Fr. O'Rourke is professor of bioethics, Stritch School of Medicine, Loyola University Chicago.

In most instances, the use of artificial nutrition and hydration (ANH) for a patient in a permanent vegetative state (PVS) is an issue of interest only to the patient's family, on one hand, and to theologians and philosophers, on the other. But in early 2005, the case of Theresa Marie "Terri" Schiavo became for several months the top news story in the nation. Before her feeding tube was finally removed and she died, in March of that year, Ms. Schiavo was the subject not only of countless newspaper articles and TV broadcasts but even of special laws passed in her name by a state legislature and the U.S. Congress.

It seems appropriate, then, to begin a discussion of the use of ANH in end-of-life decisions by pointing out two misconceptions that were prevalent in the wake of the Schiavo case.

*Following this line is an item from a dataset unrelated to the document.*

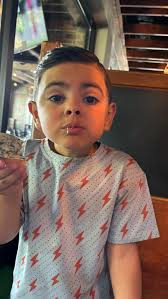 Silas doesn't share his mellow mushroom, Set @thelittleradthings , 🍕  @mellowmushroom , #lifeofsilashenry #food #foodie #foodstagram #foodblogger  #instafood #pizza #pizzatime #pizzalover ...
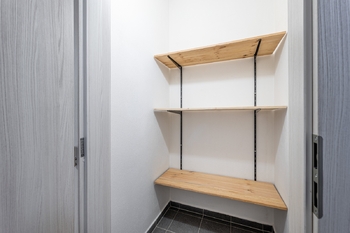 kóje na patře vedle bytu - Prodej bytu 2+kk v osobním vlastnictví 50 m², České Budějovice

First, some religious figures maintained that ANH should be applied until death is imminent and inevitable. They often used terminal illness as a synonym for imminent and inevitable death. Catholic teaching has never required that efforts to preserve life must be prolonged until the person's death is imminent and inevitable. If death is imminent and inevitable, then certainly life support may be removed. But it may also be withheld or removed if it does not offer hope of benefit or if it imposes an excessive burden upon the patient, the family, or the community to which the patient belongs.1

Second, Ms. Schiavo was in a PVS, often called a "post-coma non-responsive condition" by Catholic theologians who react negatively to the term "vegetative." The thorough autopsy performed after her death by John R. Thogmartin, MD, the medical examiner of Florida's Pasco and Pinellas counties, found that her cerebral cortex was totally dysfunctional and her brain severely impaired.2 She was not in a minimally conscious state, nor was there hope that intensive therapy might help her recover cognitive-affective function. The videotape, shown frequently on television programs, that seemed to show her responding to conversation or visually tracking a balloon was deceptive, if not contrived.3 Clearly, there was moral certitude that she would not recover consciousness no matter what type of therapy might be employed.4

In this article, I will:

  • Summarize the teaching of the church in regard to the use and forgoing of life support. Forgoing life support connotes both withholding and withdrawing surgical or medical interventions designed to heal or attenuate the effects of a lethal pathology. The act of withholding or withdrawing life support follows the same moral norms.
  • Present the different opinions within the Catholic community in regard to the use of ANH.
  • Present a theological framework for evaluating the use of ANH and other life-prolonging interventions.
  • Consider advance directives as they relate to ANH.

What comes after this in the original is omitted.